BEGIN Source material

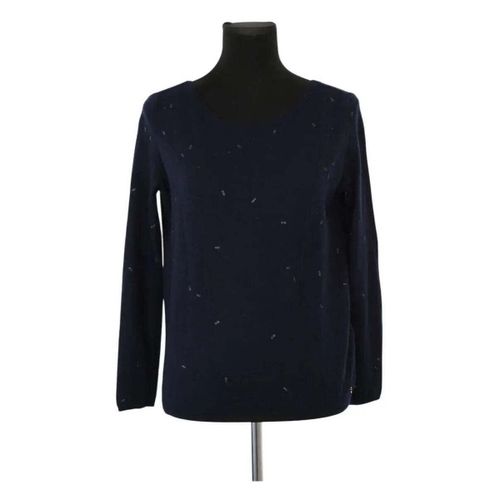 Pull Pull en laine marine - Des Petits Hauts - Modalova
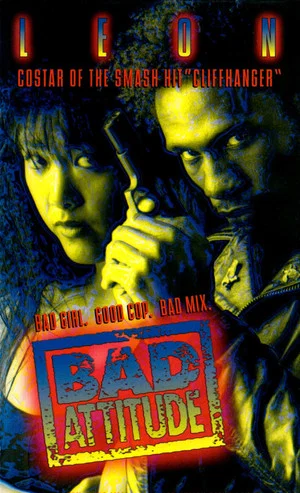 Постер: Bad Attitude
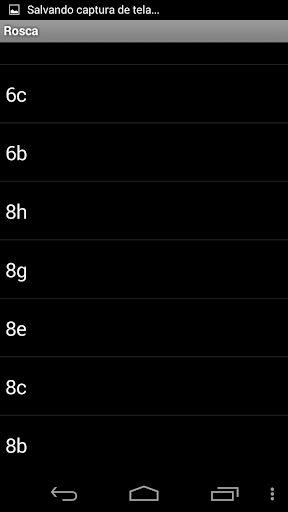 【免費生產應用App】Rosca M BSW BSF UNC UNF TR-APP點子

END Source material

§ What you are asked to do
These lines alone form the answer: the one containing "Постер: Bad Attitude" and every line after it through the end of the material, exactly as written, pictures left out.

§ Answer area
 Постер: Bad Attitude
 【免費生產應用App】Rosca M BSW BSF UNC UNF TR-APP點子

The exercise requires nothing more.